What is needed:
In the entries that follow, repeat exactly the lines from the one that has "日野レンジャーアルミブロック中型（4t）[写真26]" through the one that has "2nd image of 123 Bedford Rd", but omit pictures.

Data for analysis:

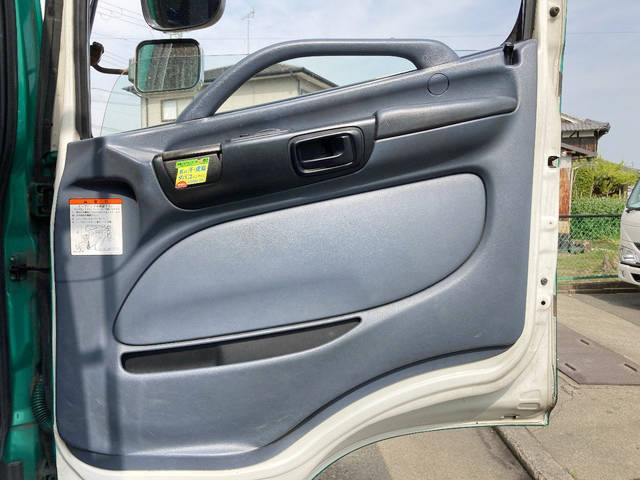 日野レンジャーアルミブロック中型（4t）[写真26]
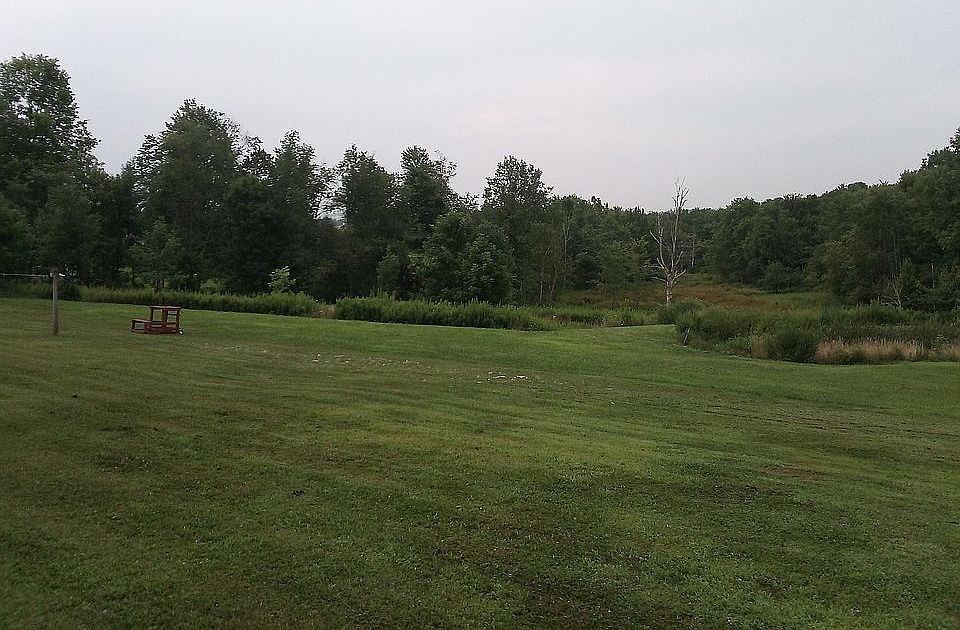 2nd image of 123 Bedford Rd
==
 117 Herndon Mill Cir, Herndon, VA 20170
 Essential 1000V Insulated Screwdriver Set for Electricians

Task solution:
 日野レンジャーアルミブロック中型（4t）[写真26]
 2nd image of 123 Bedford Rd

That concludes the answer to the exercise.